DATA EXCERPT —
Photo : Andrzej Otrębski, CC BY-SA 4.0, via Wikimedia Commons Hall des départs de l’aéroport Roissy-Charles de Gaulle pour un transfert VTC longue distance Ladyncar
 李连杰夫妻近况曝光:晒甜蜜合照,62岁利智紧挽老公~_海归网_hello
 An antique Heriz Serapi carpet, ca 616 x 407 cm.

TASK TO COMPLETE — The answer must be the line containing "李连杰夫妻近况曝光:晒甜蜜合照,62岁利智紧挽老公~_海归网_hello" and every line after it to the end of the data, each set down exactly.

RESPONSE FOR THIS EXERCISE —
 李连杰夫妻近况曝光:晒甜蜜合照,62岁利智紧挽老公~_海归网_hello
 An antique Heriz Serapi carpet, ca 616 x 407 cm.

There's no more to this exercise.